Anda suka menceritakan diri Anda sendiri atau keluarga Anda sendiri. Nah, ketahuilah itu salah satu sikap kurang rendah hati. Kurangilah kebiasaan menceritakan diri sendiri atau keluarga sendiri. Untuk itu perlu kesadaran. Sering orang bertanya tentang perkembangan anak seorang teman. Ternyata itu hanya pembukaan untuk selanjutnya secara menggebu-gebu mengagungkan anak sendiri. Bicaranya tanpa titik koma lagi. Kalau sudah begitu, orang lain mau tidak mau menjadi pendengar setia dan kurang senang biasanya. Kurangilah sedapat mungkin hal itu. Ingat bahwa seperti kita, orang lain juga butuh kita dengarkan. Kadang-kadang cerita tentang keberhasilan diri sendiri tidak kedengaran merdu bagi orang lain.

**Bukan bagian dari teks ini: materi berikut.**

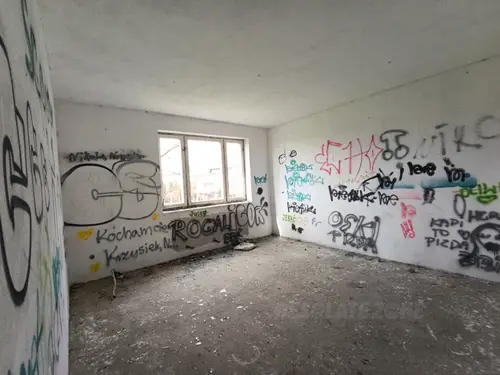 Opuszczony niedokończony dom - zdjęcie 6/13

Mendominasi pembicaraan dan keinginan untuk menjadi pusat perhatian juga salah satu tanda bahwa orang belum bisa rendah hati. Sebetulnya dalam kelompok berbicara, kita selayaknya berpikir bahwa semua orang mendapat waktu dan kesempatan yang sama untuk mengemukakan pendapat, cerita atau apa saja yang mereka mau. Dengan mendengarkan orang lain, kita bisa mendapat pengetahuan baru, dan tentu kita bisa menjadi lebih berkembang. Hanya sering hal itu tertutupi keinginan kita untuk menceritakan sesuatu yang lebih hebat. "Ceritamu kalah hebat dibanding ceritaku", katanya. Seakan kehebatan yang dipunyai harus diketahui oleh semua orang, tidak peduli itu menyakitkan bagi orang lain.

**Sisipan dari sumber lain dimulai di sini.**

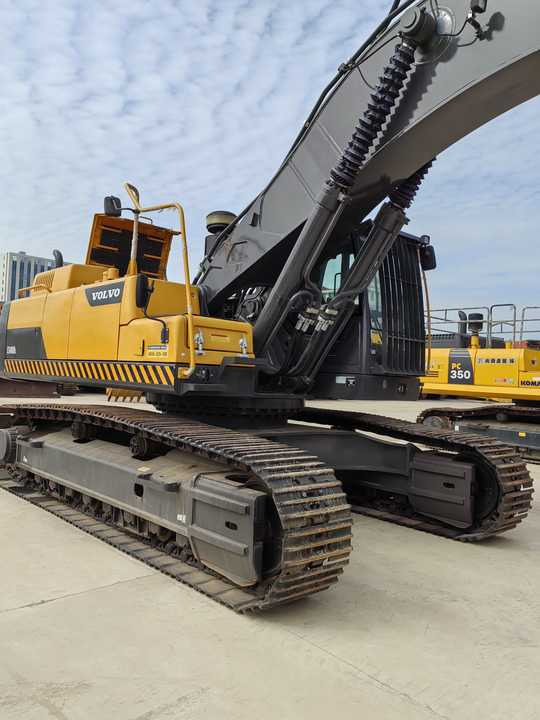 Large Excavator volvo Ec480 with Good Condition for Sale Used volvo Brand Ec210 240 290 380 480 Excavator for Sale - Rýpadlo: obrázok 3 Large Excavator volvo Ec480 with Good Condition for Sale Used volvo Brand Ec210 240 290 380 480 Excavator for Sale - Rýpadlo: obrázok 3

Anda taat pada atasan Anda. Jika ya berarti Anda punya point bagus sebagai orang yang rendah hati. Banyak orang merasa bahwa atasan mereka naik hanya karena kebetulan atau karena keberuntungan saja bukan karena kualitas. Ada orang yang di depan tidak mau (karena takut memikul tanggung jawab yang berat), tetapi kalau di belakang suka cuap-cuap ini-itu. Lalu maunya apa? Apapun salah. Itu menunjukkan kurang tulus menerima kelebihan orang lain. Misalnya siapapun yang terpilih sebagai pengurus dewan paroki atau pengurus lingkungan, akan dianggap sebagai orang yang tidak mutu, ambisius, ada udang di balik batu, atau sumpah serapah lain, meskipun dia sendiri tidak mau jika dipilih menjadi pengurus atau ketua. Orang lain yang waras menjadi serba salah kan? Semoga Tuhan dengan kuasa-Nya bisa mengubah sifat orang seperti itu. (Mungkin kita juga seperti itu?)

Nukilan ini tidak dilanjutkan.